What you are asked to do => Up to and including the line holding "RockJock Unisexe Hommes", write out the data exactly from its first line, but not the pictures.

[Web page caption snippets]
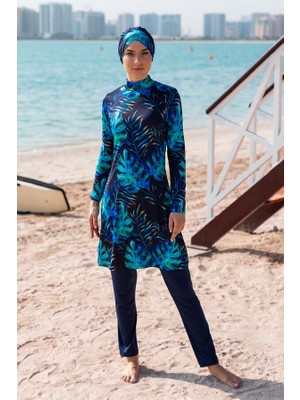 Remsa Mayo Remsa R056 Kadın Tesettür Mayo Likralı Tam Kapalı Tropikal Desen ile Şık ve Rahat Kullanım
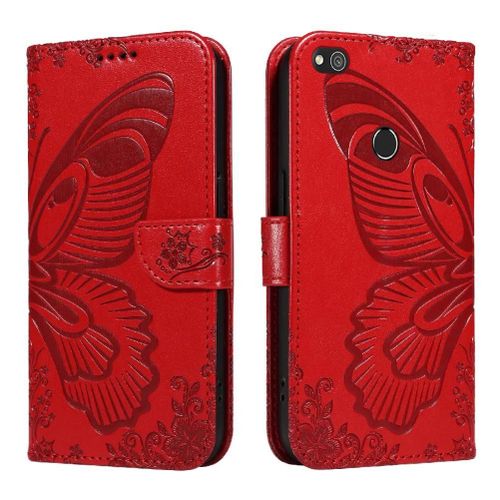 Flip Étui Pour Honor 8 Lite Papillon En Relief Avec Fente Pour Carte De Crédit Sangle De Main Détachable Cuir De Haute Qualité - Rouge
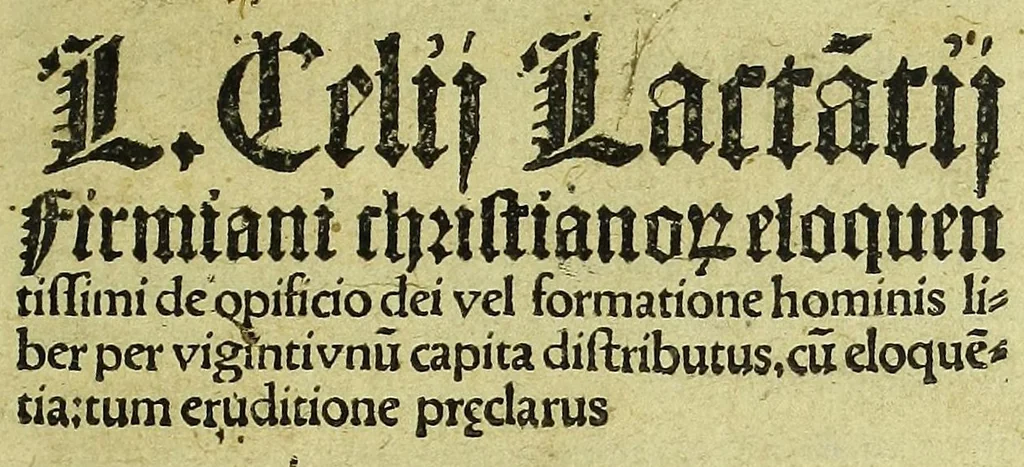 An illustration from L. Celij Lacta[n]tij Frimiani chritstiano[rum] eloquentissimi De opificio Dei, vel, Formatione homin, 1506, leaf 5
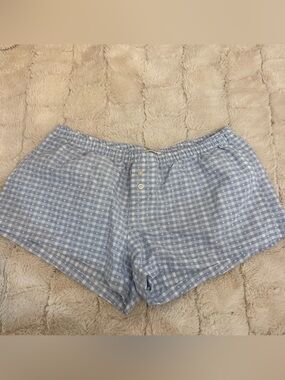Brandy Melville Light Blue Gingham Heart-Print Athletic Shorts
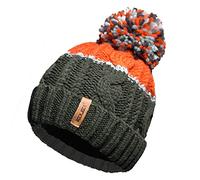 RockJock Unisexe Hommes Dames Chaud Hiver Chunky Bloc De Couleur Ski Bobble Pompon Bonnet avec Doublure Thermique Confortable Teddy Fleece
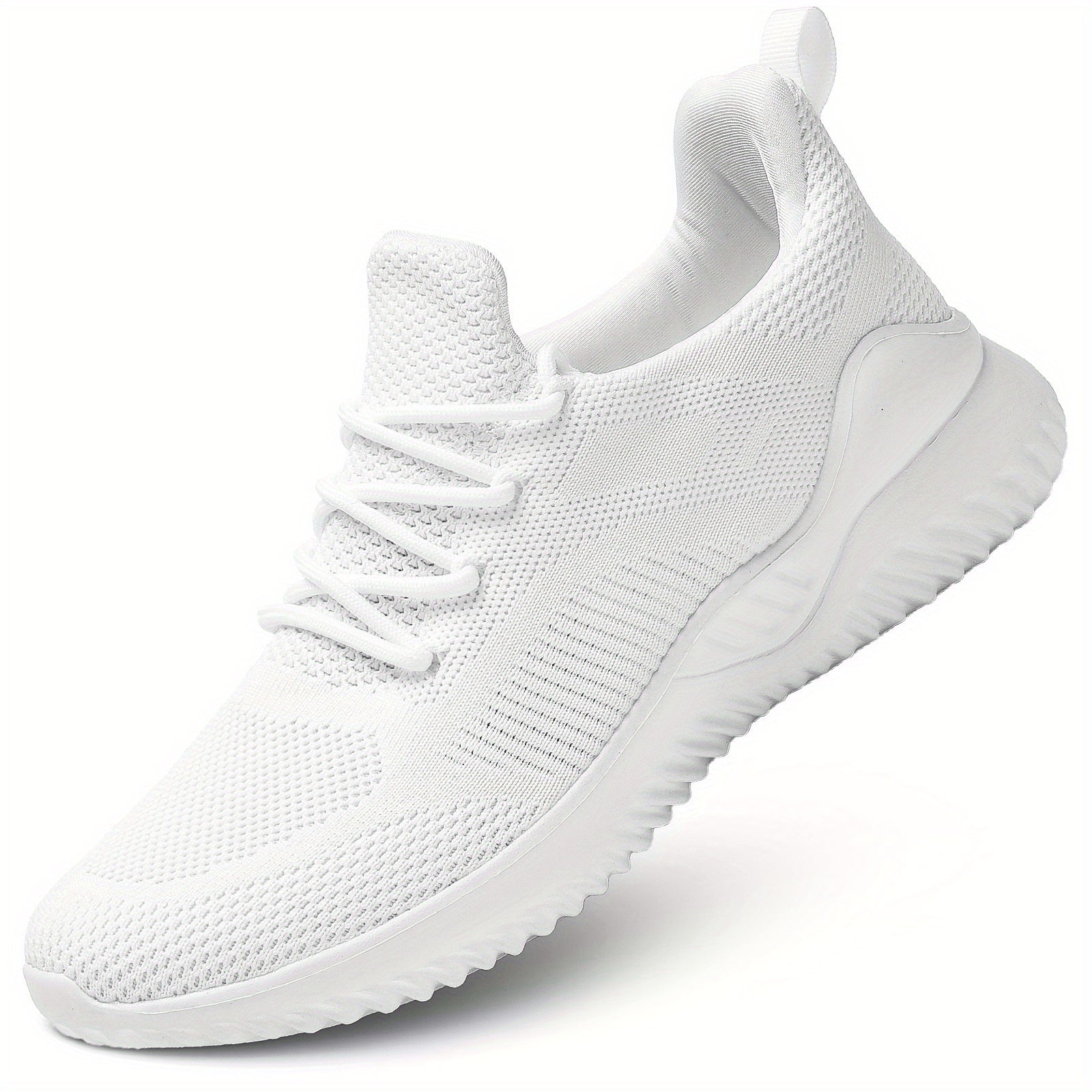 Men's Solid Running Shoes Breathable Woven Knit Sneakers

Your response =>
 Remsa Mayo Remsa R056 Kadın Tesettür Mayo Likralı Tam Kapalı Tropikal Desen ile Şık ve Rahat Kullanım
 Flip Étui Pour Honor 8 Lite Papillon En Relief Avec Fente Pour Carte De Crédit Sangle De Main Détachable Cuir De Haute Qualité - Rouge
 An illustration from L. Celij Lacta[n]tij Frimiani chritstiano[rum] eloquentissimi De opificio Dei, vel, Formatione homin, 1506, leaf 5
Brandy Melville Light Blue Gingham Heart-Print Athletic Shorts
 RockJock Unisexe Hommes Dames Chaud Hiver Chunky Bloc De Couleur Ski Bobble Pompon Bonnet avec Doublure Thermique Confortable Teddy Fleece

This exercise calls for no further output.